A criação do MAFRO-PR foi concretizada com o aporte de R$ 500 mil, provenientes de emendas parlamentares, demonstrando um compromisso institucional e político com a pauta. Este investimento é crucial para o desenvolvimento de ações educativas e de preservação.
Considerado o primeiro museu desse porte no Paraná, o MAFRO opera primariamente como uma plataforma digital. Seu acervo abrangerá desde comunidades quilombolas e territórios historicamente negros até patrimônios culturais e trajetórias individuais que moldaram o estado, mas que foram sistematicamente omitidas dos registros oficiais.
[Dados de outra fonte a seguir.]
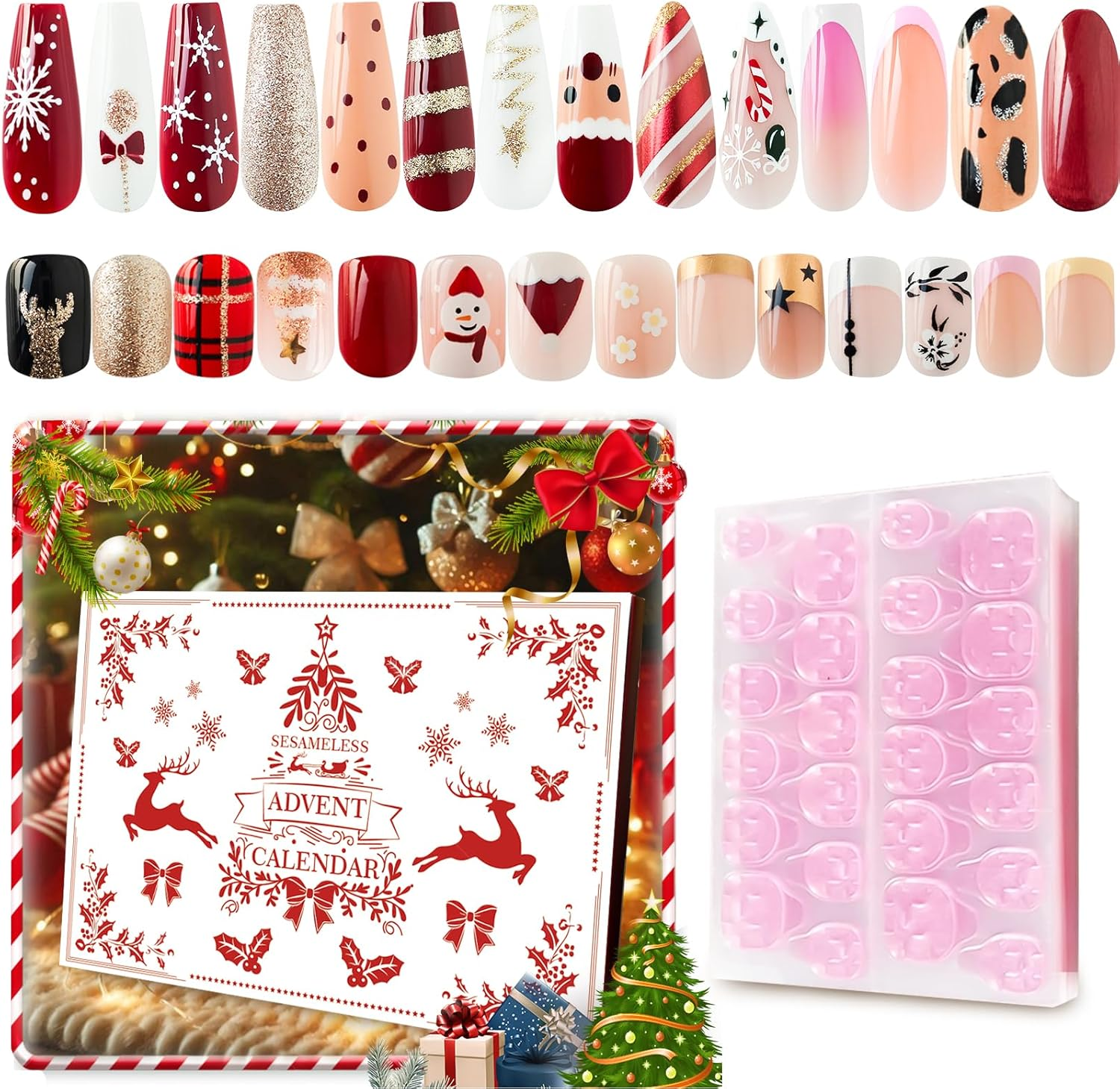 Beauty Advent Calendar 2024, Fake Nail Advent Calendar 2024 with 24PCS Press on Nails and 24PCS Jelly Gel, Christmas Press on Nails for Women Girls image number 5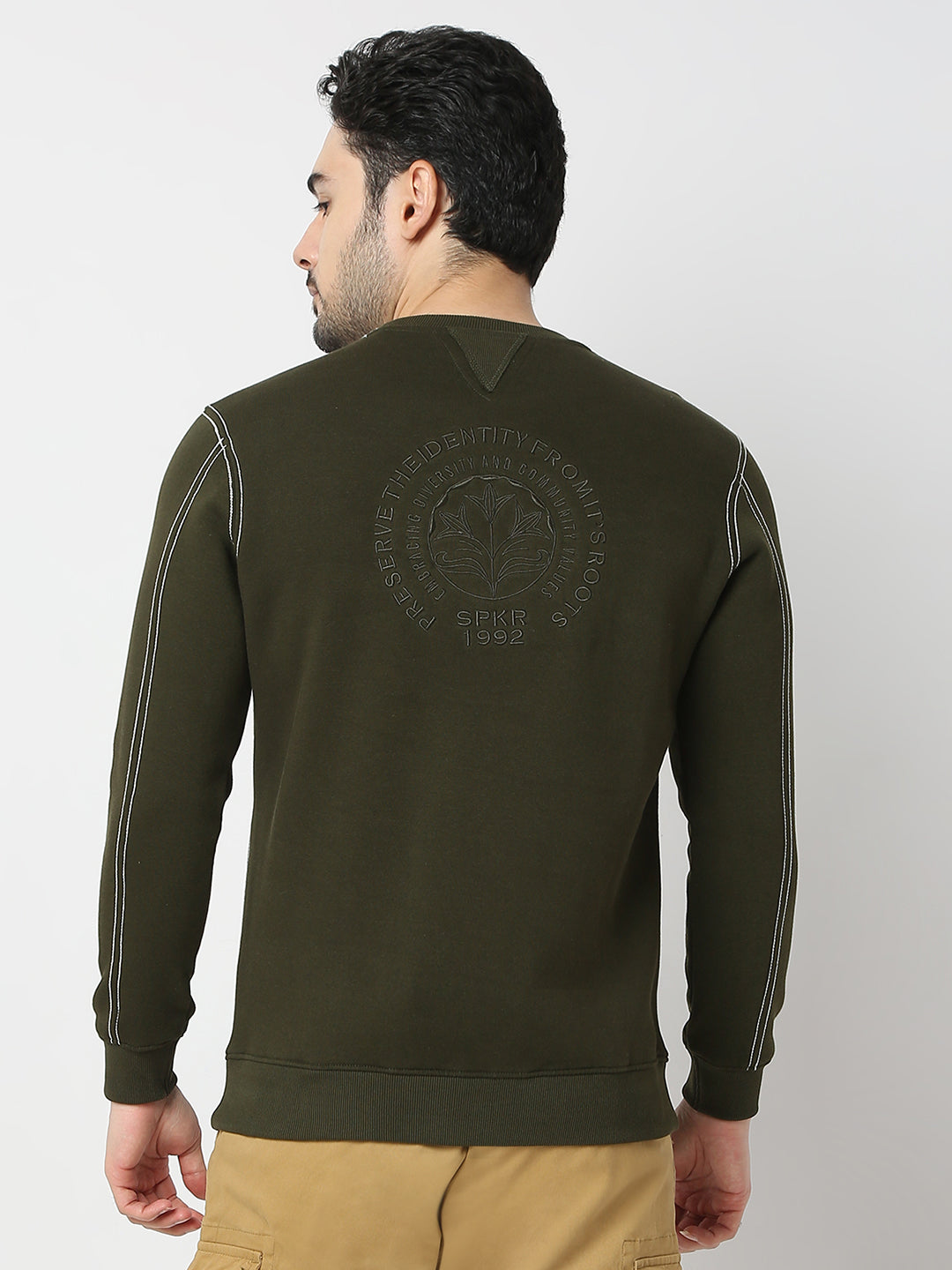 Spykar Rifle Green Slim Fit Full Sleeves Sweatshirt For Men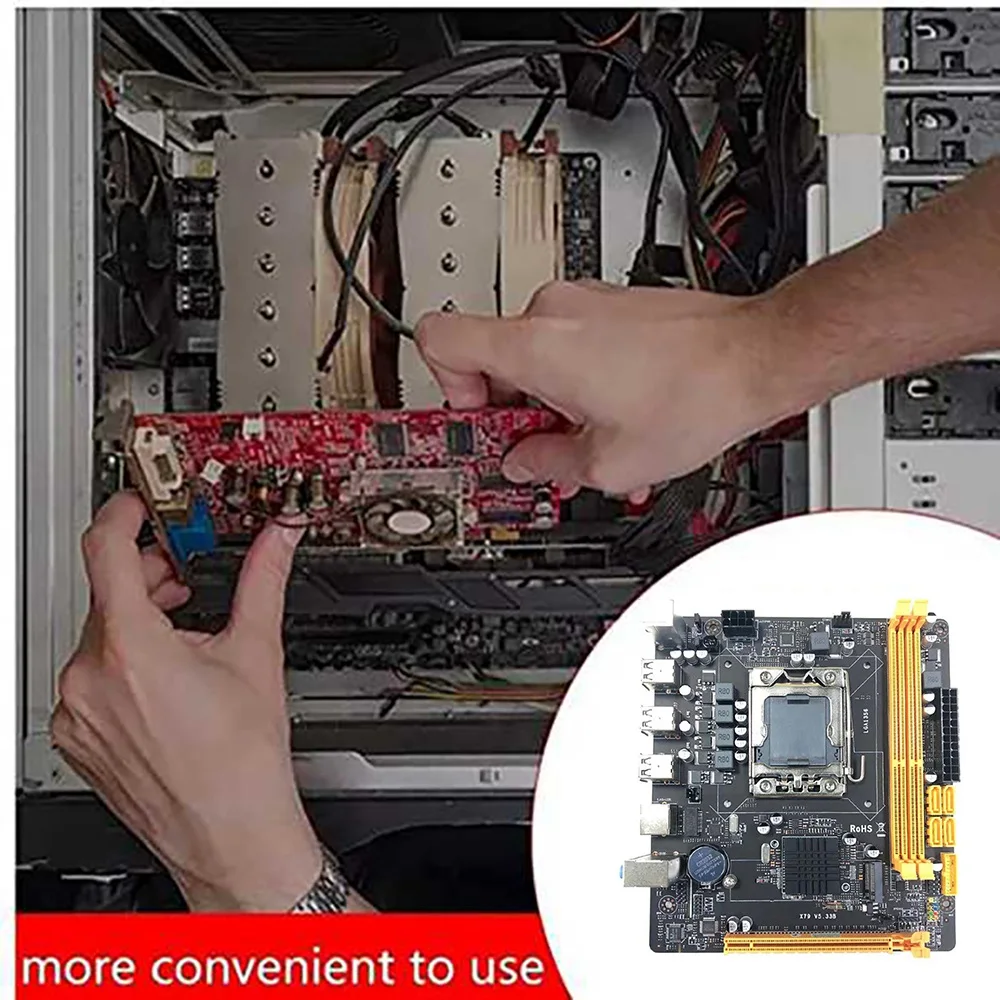 Компьютер Материнская плата LGA 1356 H61 для Intel Xeon E5 CPU DDR3 REG ECC NVME M.2 материнская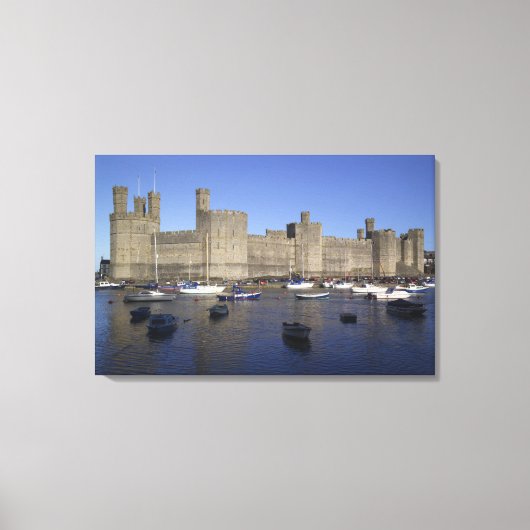 Kasteel Caernarfon, Gwynedd, Wales (RF) Canvas Afdruk (Voorkant)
A deputada federal Carol Dartora (PT-PR), responsável pela destinação dos recursos, destacou a importância da iniciativa. Segundo ela, investir na criação do MAFRO é garantir que a história da população negra seja reconhecida e celebrada, empoderando a juventude negra ao apresentar sua importância histórica, cultural e social. A afirmação reforça a ideia de que a presença afro-brasileira é fundamental para a construção da identidade paranaense e brasileira.
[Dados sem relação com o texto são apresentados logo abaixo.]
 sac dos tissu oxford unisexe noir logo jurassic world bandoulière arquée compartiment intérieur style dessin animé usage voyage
## Desafios e Potencialidades da Digitalização
A natureza predominantemente digital do MAFRO-PR oferece um alcance sem precedentes. A plataforma permitirá que estudantes, pesquisadores e o público em geral acessem gratuitamente seu vasto acervo. Isso não só democratiza o acesso à informação, mas também fomenta a produção de novos conhecimentos sobre os territórios afroparanaenses.
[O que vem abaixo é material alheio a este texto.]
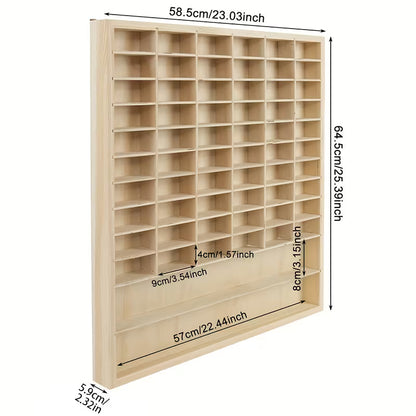 62-Compartment Wall-Mounted Wooden Display Shelf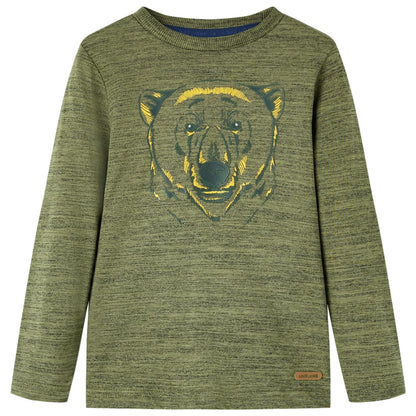 Kindershirt met lange mouwen 128 gemêleerd kakikleurig Kaki 128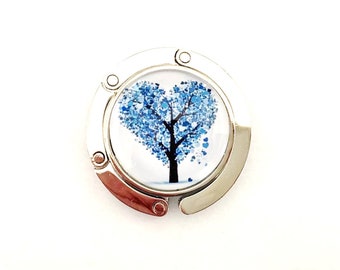 Bag hanger, decorated with glass cabochon, tree of life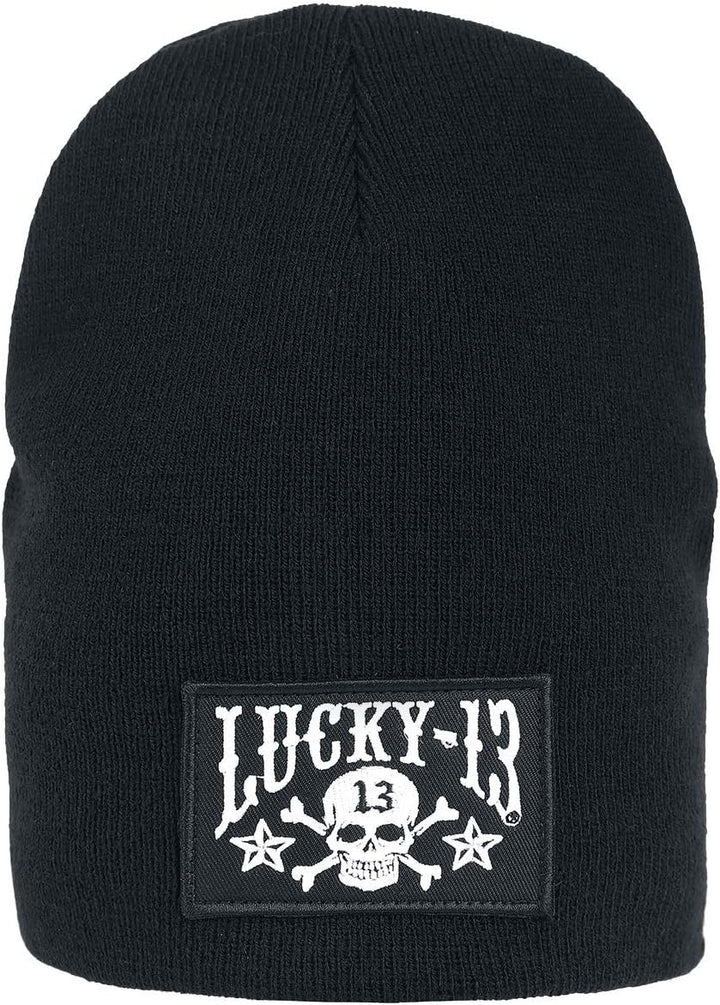 Unbekannt Lucky 13 Skull Stars Patch Beanie Mütze schwarz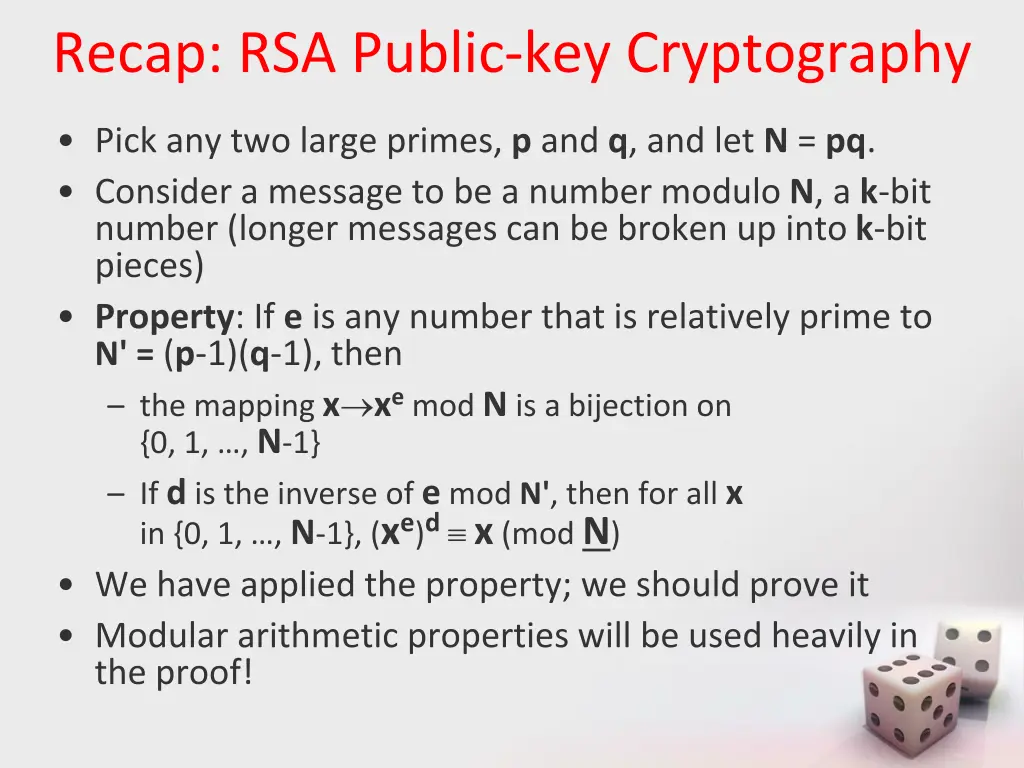 recap rsa public key cryptography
A coordenação do museu está sob responsabilidade da professora Judit Gomes da Silva, vinculada à Pró-Reitoria de Ações Afirmativas e Equidade (Proafe) da UFPR. Essa estrutura sublinha o caráter acadêmico e de pesquisa do projeto, que visa ir além da mera exposição.
A intenção é que o MAFRO-PR se torne um centro dinâmico de pesquisa e intercâmbio. A colaboração com comunidades tradicionais e quilombolas é essencial para garantir a autenticidade e a riqueza dos materiais reunidos. O museu se propõe a ser um espaço de diálogo entre a academia e a sociedade.
O Papel dos Museus na Reconstrução Histórica
A criação de museus como o MAFRO-PR transcende a simples exibição de artefatos. Eles desempenham um papel fundamental na reconstrução de narrativas históricas, oferecendo perspectivas que foram marginalizadas por muito tempo. Em um país marcado pela escravidão e pelo racismo estrutural, esses espaços são ferramentas poderosas para a educação e a conscientização.
A visibilidade conquistada por iniciativas como essa permite que a sociedade compreenda a complexidade da formação social e cultural do Brasil. A história dos afro-brasileiros não é um apêndice, mas sim um pilar central na edificação do país.
Ao dar voz e espaço para essas histórias, o MAFRO-PR contribui para o combate ao racismo e à discriminação. A disseminação do conhecimento sobre a contribuição da população negra para o desenvolvimento do Paraná e do Brasil é um ato de justiça histórica e um investimento no futuro.
A democratização do acesso ao conhecimento através de plataformas digitais é um avanço importante. Museus como o MAFRO-PR reforçam a ideia de que a memória e a história pertencem a todos, e que sua salvaguarda é um dever coletivo e contínuo.